Despite the findings, Dr. Geschwind and other autism researchers say it’s too soon to walk away from oxytocin altogether, although it may be time to change the approach to autism research.
“We have to take a page from the playbook of modern medicine in other areas and begin to recognize that these syndromes are incredibly heterogeneous,” Dr. Geschwind says. “We can surmise, although we don’t know, that there might be different biological forms of autism that have different pathways involved that are going to respond differently to different medications.”
Calling the researchers’ efforts “heroic,” Karen Parker, PhD, an associate professor and associate chair of psychiatry and behavioral sciences at Stanford (Calif.) University, says efficacy trials such as this one are critical. However, Dr. Parker said in an interview, there are a number of questions that the study didn’t address.
The majority of medication dispensed in a standard intranasal device is sprayed into the back of the throat. Regular blood tests confirmed that oxytocin was getting into participants’ system, but, given how quickly oxytocin degrades in the blood, Dr. Parker said it’s hard to know just how much reached the brain.
It’s also unclear whether the results would have been different had the treatment been paired with behavioral therapy, an approach Dr. Parker suggests might benefit a subset of children with ASD.

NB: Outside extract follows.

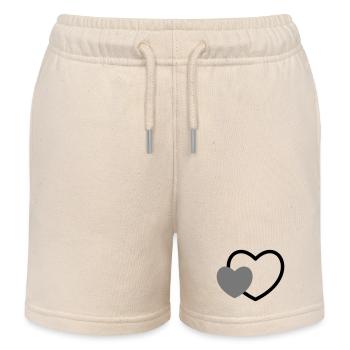 Coeur dans le coeur I cadeau d'amour 2 coeurs - Short de jogging enfant bio Stanley/Stella - écru doux - Devant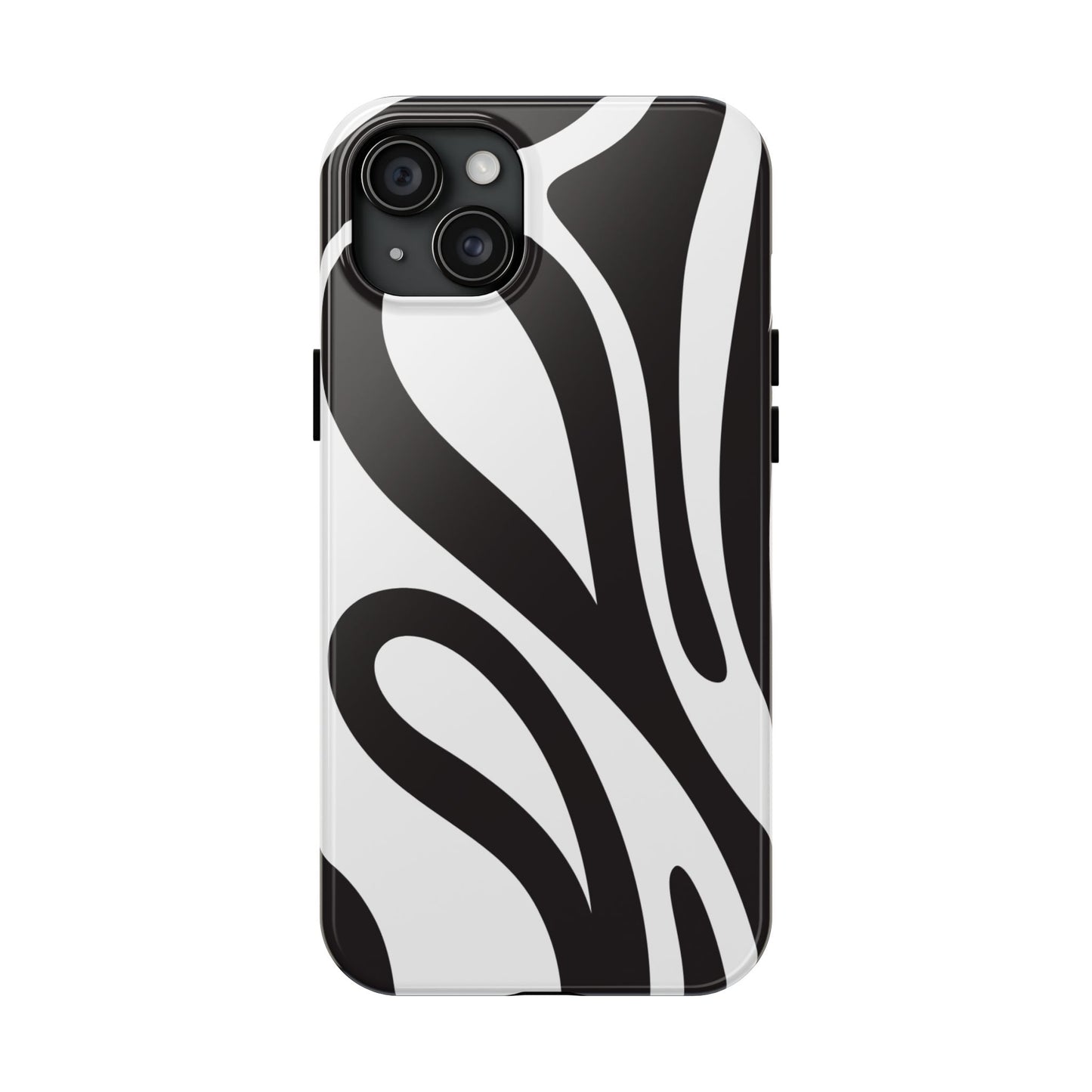Modern Black and White Abstract Tough iPhone Case – Bold Graphic Pattern with Dual-Layer Protection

A 2017 study from Dr. Parker’s lab found that children with ASD whose use of oxytocin at baseline was low derived greater benefit from synthetic oxytocin, something the new study failed to find. Still, Dr. Parker said, it’s possible oxytocin might increase social motivation and increase a child’s receptiveness to behavioral therapy.

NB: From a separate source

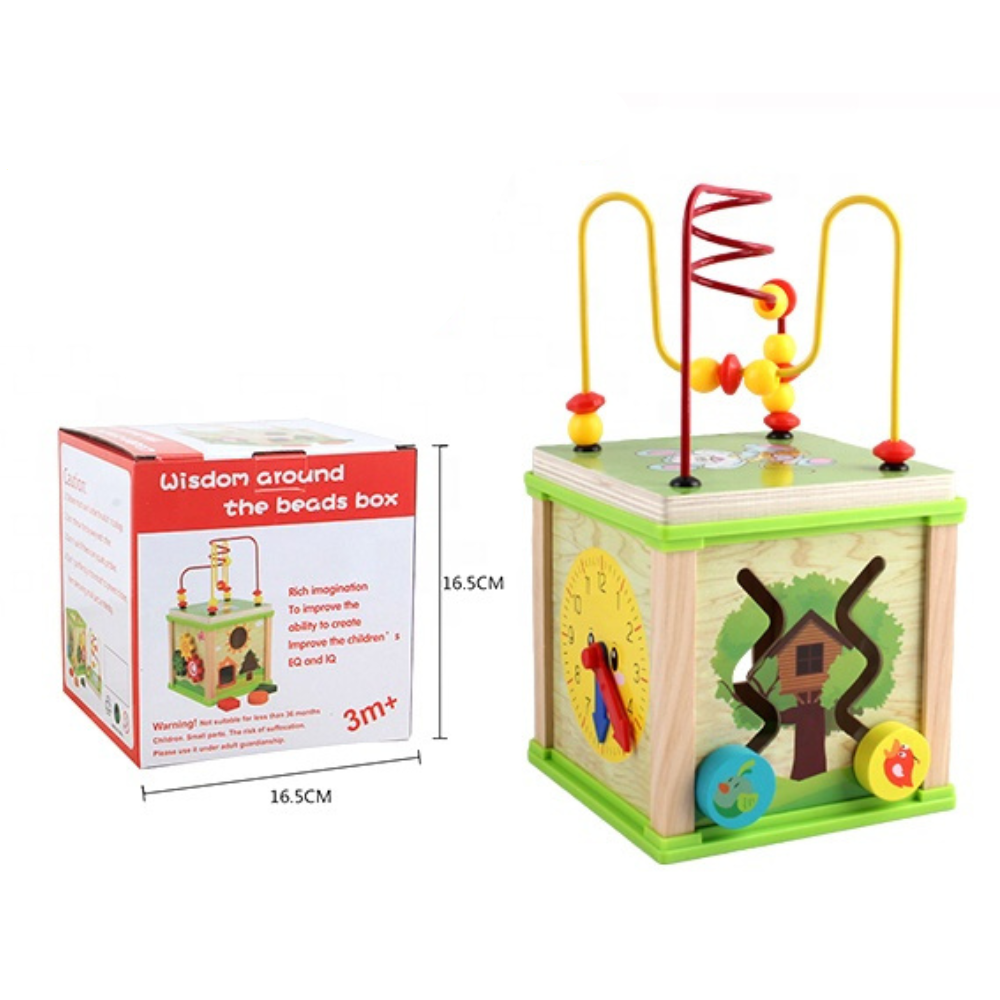 CUBO DIDACTICO DE MADERA 5 EN 1 CENTRO MONTESSORI PARA BEBE S - 6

“When you see a negative trial like this, it decreases enthusiasm for the therapy for autism in this context,” Dr. Parker said. “I hope people who are studying these syndromes will continue to explore oxytocin as a therapy.”
The study was funded by the Eunice Kennedy Shriver National Institute of Child Health and Human Development through the Autism Centers of Excellence Program and the Department of Psychiatry and Behavioral Sciences at Duke University. Full disclosures of the authors’ possible conflicts of interest are available online.
A version of this article first appeared on Medscape.com.